Esse avanço que atinge populações e a natureza é ainda mais violento contra as mulheres, e nesse sentido, o Povos Indígenas do Brasil do ISA inova ao iniciar o volume com o pensamento de doze mulheres indígenas, recolhido por pesquisadoras e pela equipe do instituto.

Também têm destaque as reflexões produzidas por mulheres aliadas à luta dos povos indígenas, como Marta Azevedo, ex-presidente da Funai, que escreve recomendações para o próximo Censo de 2020 (as mudanças propostas pelo atual governo Temer visam excluir dados fundamentais para se compreender a população brasileira e as desigualdades); a linguista Bruna Franchetto, sobre as iniciativas indígenas de fortalecer as línguas; e a advogada indigenista Erika Yamada, sobre a necessidade da regulamentação do direito de consulta.

Todas elas, além de outras pesquisadoras e pesquisadores comprometidas e comprometidos, escrevem nessa edição. Coletivamente, a equipe de edição do ISA escreveu um texto fundamental em defesa dos direitos indígenas constitucionais, cujo ataque “aprofunda-se no governo Temer”.

Nesses cinco anos de documentação do ISA, também se destaca o aumento da pressão e da exposição a riscos e a vulnerabilização dos povos indígenas que vivem em isolamento, um tema que tem sido abordado recorrentemente nessa coluna.

No último corte orçamentário da Funai, algumas Frentes de Proteção Etnoambiental foram colocadas em iminência de serem desativadas, o que acende o alerta do risco de genocídios iminente.

O indigenista da Funai Fabricio Amorim escreve dois artigos importantes sobre os processos de contatos e conflitos no Vale do Javari e os desafios da ação oficial de proteção aos povos indígenas isolados.

E Elias Bigio, ex-coordenador da área na Funai, alerta para a extrema vulnerabilidade dos indígenas de um povo que fala uma língua Tupi Kawahiwa, no Norte do Mato Grosso, e está em fuga permanente das ações genocidas de grileiros e madeireiros, apoiados por ruralistas, como o ex-deputado José Riva.

Bigio relaciona a forte campanha contra os índios na região ao risco da destruição dos vestígios da ocupação e até à morte dos indígenas – que significaria a execução completa do genocídio.  

Cinema e luta na Amazônia

Na “Curva do S”, no Pará, aconteceu esse ano o III FIA-Cinefront, festival internacional de filmes sobre ecologias e lutas sociais, uma ação de extensão da Universidade Federal do Sul e Sudeste do Pará (Unifesspa), em parceria com movimentos sociais, e do qual sou curador.

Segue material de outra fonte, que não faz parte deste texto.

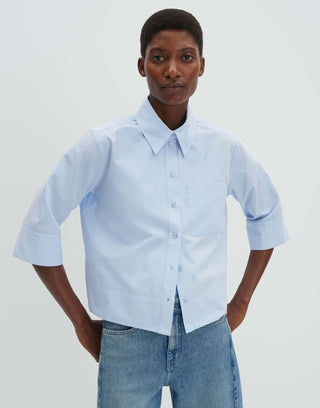 Zarba bold, summer breeze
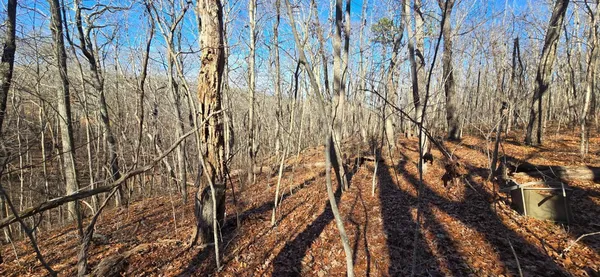 $143,600 | 827 Dale Trail, Cloudland, GA 30731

O diretor homenageado esse ano foi Jorge Bodanzky. Em Marabá, na aldeia Akrantikatejê, do povo Gavião, e na Curva do S, ele mostrou pela primeira vez na região alguns de seus trabalhos clássicos.

Iracema, uma transa amazônica, foi projetado oficialmente pela primeira vez, em Marabá, onde foi filmado 43 anos atrás, numa sessão apoteótica no Cine Marrocos, na Sexta-Feira Santa. No Sábado de Aleluia, no acampamento da juventude do MST na “Curva do S” da estrada PA 150, onde ocorreram sessões educativas, ele apresentou o documentário A Igreja dos Oprimidos.

Comentado pelo professor Airton Pereira e pela juventude presente, o filme trouxe a memória das décadas de violência na região. Na posse da chapa do sindicato dos trabalhadores rurais de Conceição do Araguaia em 1985, a sina da morte foi registrada numa imagem: Oneide segurava a foto de seu esposo morto, Raimundo Ferreira Lima (Gringo), assassinado em 1980, e no palco estavam imagens de João Canuto (assassinado em 1985),  Expedito Ribeiro (assassinado em 1991) e Felipinho, das ligas camponesas, assassinado poucos anos atrás…

“Esse filme era a minha infância”, disse Maria Raimunda, liderança do MST no Pará. “E agora continuamos a viver essa angústia da morte e da violência”.